PortaSplit-Klimageräte des chinesischen Herstellers Midea sind derzeit sehr beliebt und in immer mehr Haushalten zu finden. Sie lassen sich komfortabel per Hersteller-App fernsteuern – Unbefugte jedoch sollen freilich nicht die Kontrolle über das Raumklima übernehmen. Doch ein Blick hinter die Fassade zeigt: Per Bluetooth kann jeder die Geräte steuern. Das funktioniert unabhängig von Geräte-Pairing und App-Passwort. Analysiert hat das ein anonymer Hinweisgeber, der sich an unsere Redaktion gewandt hat. Der Hersteller hält die Steuerung per Bluetooth auf Nachfrage für unproblematisch.
Um die PortaSplit zu steuern, sieht Midea drei Wege vor: Mit der mitgelieferten Infrarot-Fernbedienung, per Tastenfeld am Gerät oder mit der herstellereigenen App „Midea Air“. Letztere baut für die Einrichtung eine Verbindung per WLAN mit der PortaSplit auf, die der Besitzer dafür zunächst per Knopfdruck in den „Access-Point-Modus“ versetzen muss. Ist die Anlage mit dem Smartphone gekoppelt, kann der Zugriff zudem per PIN gesichert werden.

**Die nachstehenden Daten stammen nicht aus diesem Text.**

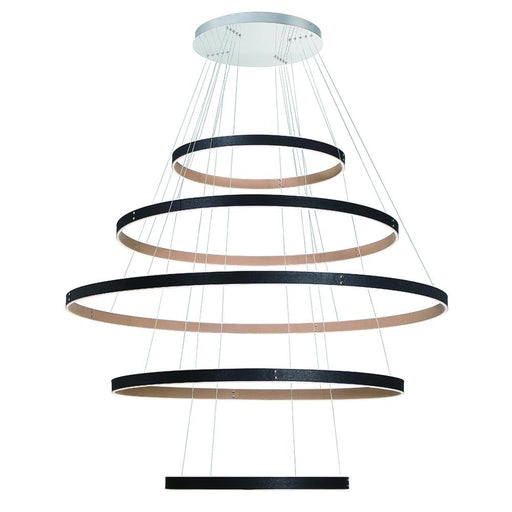 Verdura 1 Light Chandelier In Black + Brown | 43901-012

Doch es geht auch ganz ohne App-Kopplung, wie uns ein anonymer Hinweisgeber offenbarte. Er gab an, jedes PortaSplit-Gerät per Bluetooth fernsteuern zu können – und zwar unabhängig von der App des Herstellers, dem Kopplungsstatus und ohne Kenntnis der Geräte-PIN.
Dazu setzte der Hinweisgeber mit LLM-Hilfe an der Schnittstelle für Bluetooth Low Energy (BLE) an, doch nicht am offiziellen Endpunkt im msmart-SDK, sondern bei einer Programmierschnittstelle für OEMs (Original Equipment Manufacturer) namens com.midea.oem.iot.sdk.ble. Dieses SDK kennt keine Geräte-PIN, nimmt Steuerbefehle allerdings nur AES-verschlüsselt entgegen. Geräte schreien per Bluetooth-Broadcast jedoch genug Informationen in die Welt hinaus, um die AES-Schlüssel zu berechnen. So können Angreifer die Steuerbefehle korrekt verschlüsseln und an die PortaSplit schicken.
Das funktioniert jedoch nur in Bluetooth-Reichweite, also einem Radius von einigen Metern rund um die Klimaanlage. Ein Zugriff aus der Ferne, etwa über das Internet oder die Midea-eigene Cloud, ist nicht möglich.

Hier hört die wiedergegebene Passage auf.